Sea to Shining Sea: The Great Outdoors Bucket List
by Ian (Awesome Escape Blogger)
Oct 15, 2015

From sea to shining sea, America is home to some of the most beautiful places on Earth. We’re proud of the rugged natural beauty that can be found in every corner of North America, from the majesty of the Grand Canyon to the haunting coast of New England. Everyone should experience the wonder of nature in their lifetime. So whether you’re an experienced adventurer or just looking for your first big trip we have some awesome outdoor escapes ready for your bucket list!

1. Rafting the Grand Canyon

The Grand Canyon is one of the greatest natural wonders in the world. When you stand at the top of the canyon, you can feel the unimaginable power of time, water, and wind! Better yet you don’t feel small, though, you feel like you’re part of something amazing! And the best way to experience the majesty of the Grand Canyon is rafting down the Colorado River. Most people only ever get to see one small part of the canyon, and that’s great, but what if you want to see all of it? The Grand Canyon is 277 miles long, up to 18 miles wide, and is over 6,000 feet deep. It’s so big that there are different environments in the canyon from the snow on the upper heights to the desert on the lower slopes. At the bottom, there are marshes, sandy beaches, and narrow canyons with mighty rapids.

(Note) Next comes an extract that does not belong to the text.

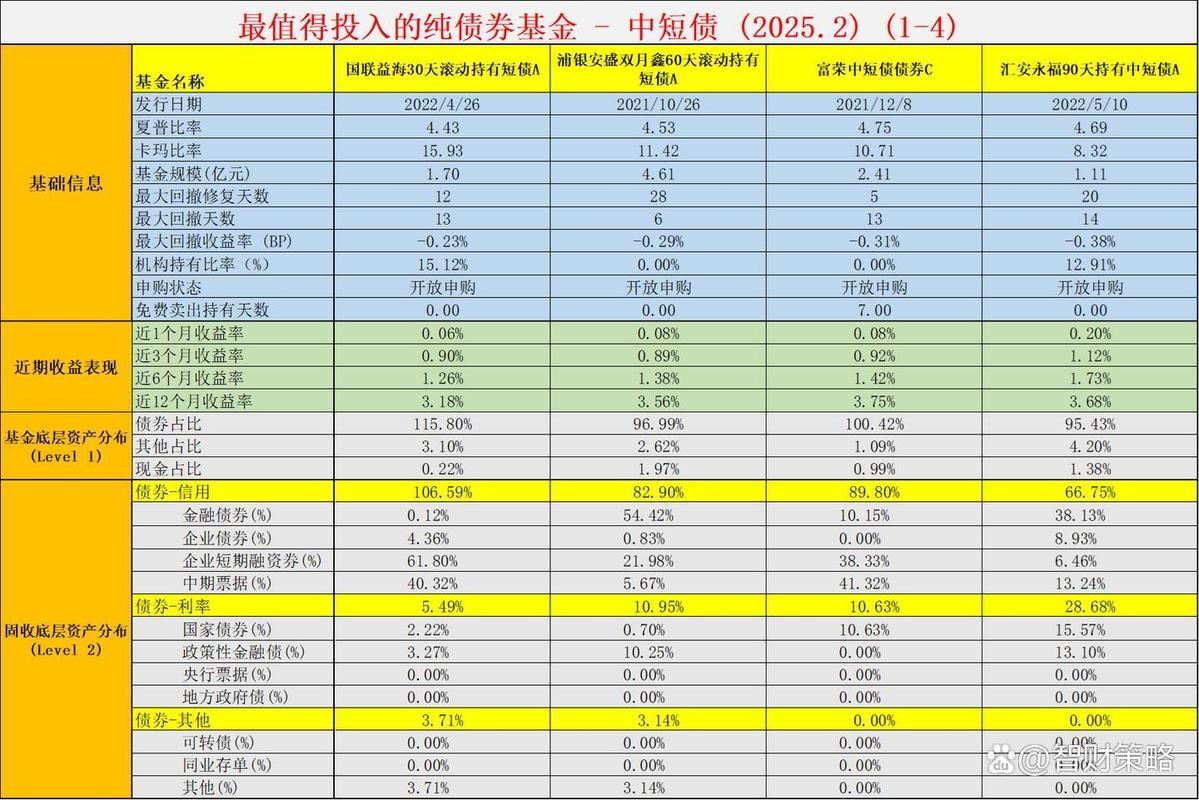 债券型基金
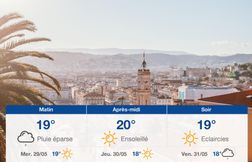 Prévisions météo du mardi 28 mai 2024 à Nice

Find a tour group that caters to your level of experience. You can raft the whole canyon in 2 weeks by paddle or 1 week in motorboats, or travel just a part in just a few days. We recommend a longer trip because you can take your time on the powerful Colorado River, taking breaks to explore brilliant green side channels, calmer and warmer than the river itself. Take a swim in the warm waters, leave the boats for hiking trips up the ancient slopes, camp on the beaches in the evenings. Prepare yourself for the thunder of ‘The Big Ones’—the whitewater rapids that will leave you breathless and exhilarated. Everyone should see the Grand Canyon and be refreshed by the pure power of 17 million years of stone and water.